* [PROMPT]
Go to the line containing "Seaview Condo @" in the material below. From there to the end, retype every line exactly and drop the pictures.

Start of Block

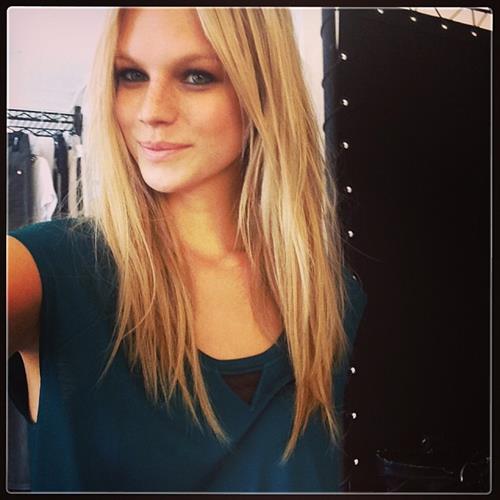 Nadine Leopold taking a selfie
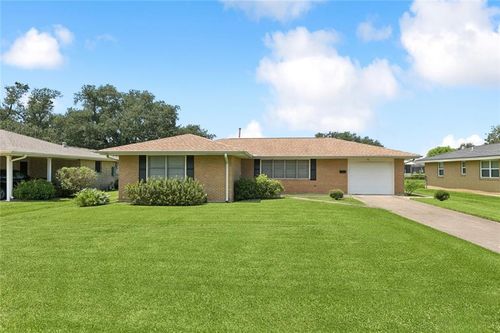 431 Pine St, Norco, LA, 70079-2131 | Card Image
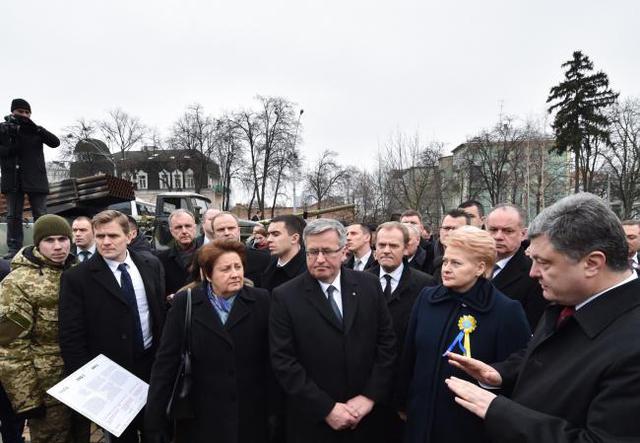 майдан порошенко марш память евромайдан достоинства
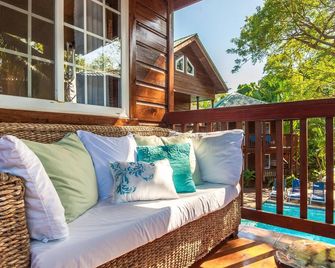 Seaview Condo @ The Blue Bahia Resort in Sandy Bay - Sandy Bay - Balcony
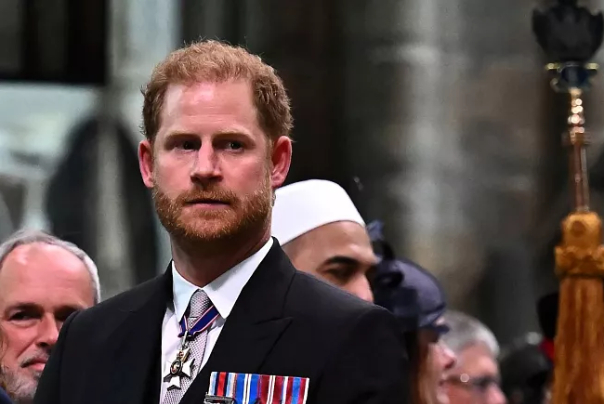 شاهزاده هری، حتی در مراسم تاج‌گذاری چارلز سوم هم منفور ماند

End of Block

* [YOUR SOLUTION]
 Seaview Condo @ The Blue Bahia Resort in Sandy Bay - Sandy Bay - Balcony
 شاهزاده هری، حتی در مراسم تاج‌گذاری چارلز سوم هم منفور ماند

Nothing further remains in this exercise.